In the above embodiment, the analog sensor signal produced from the throttle valve position sensor 14 is amplified and converted into digital form. Because of the noises introduced onto the analog sensor signal, however, the disturbance compensator (control blocks 21 to 25) cannot function in such an effective manner as to provide a desired throttle valve control resolution. It is, therefore, preferable to reduce the high-frequency noises exceeding the effective frequency band of the amplifier of the signal processor circuit 16 by amplifying the analog sensor signal produced from the throttle valve position sensor 14 to a great extent. Since an upper limit exists for the voltage to be inputted to the A/D converter of the signal processor circuit 16, it is preferable to amplify the analog sensor signal only for an engine idling control mode requiring a very high throttle control resolution. This modification will be described in connection with the schematic block diagram of FIG. 4. The analog sensor signal VO produced from the throttle valve position sensor 14 is amplified by an amplifier having a predetermined amplification factor (in the illustrated case 4) for an engine idling control mode. The amplified analog sensor signal is converted into digital form.

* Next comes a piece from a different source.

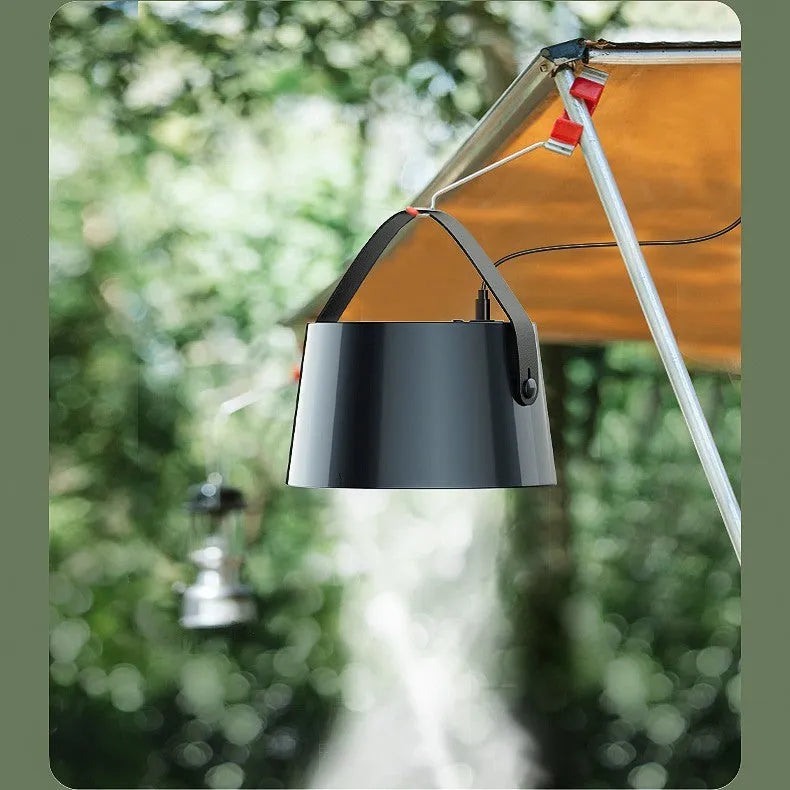 Milky white portable desktop kitchen extractor fan with tripod and USB cable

After the zero point correction, it is shifted twice to the right for unit regulation to provide an A/D converted value V2. For other control modes, the analog sensor signal V0 is fed, without any modification, to the A/D converter. After the zero point correction, the A/D converted value V1 is transferred for interpolation. The A/D converted values V1 and V2 are selectively interpolated for smooth connection of the A/D converted values V1 and V2, as shown in FIG. 5B. the interpolated value θ is used, as the sensed throttle value position θ, in the disturbance and model-matching compensators. The interpolation is made as

θ=k·V2+(1-k)·V1

where k=1 when V1≦θ1, 0<k<0 when θ2<V1<θ1 and k=0 when θ2≦V1.

The disturbance compensator includes a low pass filter H(z^-2) for suppressing the disturbances and adjusting the tradeoff point. In the above embodiment, the low pass filter has a fixed frequency characteristic. However, it is preferable to attach a greater importance to the disturbance suppressing performance by changing the cutoff frequency of the low pass filter H(z^-1) to a greater value during the engine idling control mode.

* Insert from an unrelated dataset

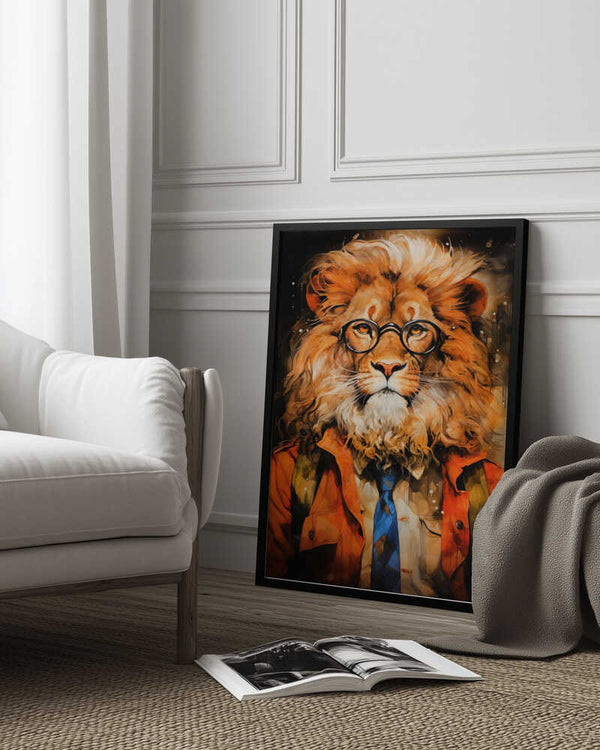 Tablou înramat „Lion Watercolor Animal Art” de Justyna Jaszke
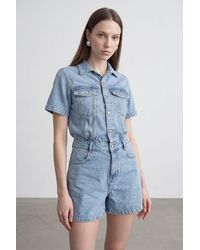 Dilvin - Denim Dungaree Shorts With Shirt Collar - Lyst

In the above embodiment, the feedback type model matching compensator is used to coincide the response characteristic of the actual throttle valve position with respect to the target throttle valve position with the transfer characteristic of the reference model Gm(z^-1). Thus, it is impossible to set a reference model having a sharp transfer characteristic to provide a high-gain feedback without any margin sufficient for stable closed loop operation. For this reason, a feed forward type phase advance compensator (control block 30) Gr(z^-1)/Gm(z^-1) is provided prior to the control block 28, as shown in FIG. 6. The feedback type model matching compensator (control blocks 26 to 29) coincides the response characteristic with a dull temporary transfer characteristic Gm(z^-1) and the feed forward type phase compensator 30 coincides the response characteristic with a desired sharp transfer characteristic Gr(z^-1). When the throttle valve positioning control apparatus operates under a condition where the motor current reaches its upper limit frequently, however, the feedback type model matching compensator (control blocks 26 to 29) coincides the response characteristic with a sharp temporary transfer characteristic Gm(z^-1) and the feed forward type phase compensator (control block 30) coincides the response characteristic with a desired transfer characteristic Gr(z^-1) so as to keep the response characteristic from deterioration. The reason for this is that the dynamic characteristic of the throttle valve actuator cannot be fixed with the use of the compensator as long as the motor current reaches the upper limit. It is, therefore, preferable to suppress the deviation from the reference model produced while the motor current remains at its upper limit after the motor current decreases from the upper limit by setting the feedback type model matching compensator (control blocks 26 to 29) to have a high feedback gain. Since the reciprocal of the temporary reference model transfer characteristic Gm(z^-1) is used in designing the phase compensator (control block 30) like the model matching compensator (control blocks 26 to 29), the transfer characteristic Gr(z^-1) where the zero point of a desired reference model transfer characteristic Gr0(z^-1) is replaced with the zero point of the transfer characteristic Gm(z^-1). The transfer characteristic Gr(z^-1) is given as ##EQU6##

It is to be understood that there is substantially no difference between Gr(z^-1) and Gr0(z^-1) at low sampling frequencies. In this case, the discrete reference model transfer characteristic Gm0(z^-1) can be used with no trouble in practice.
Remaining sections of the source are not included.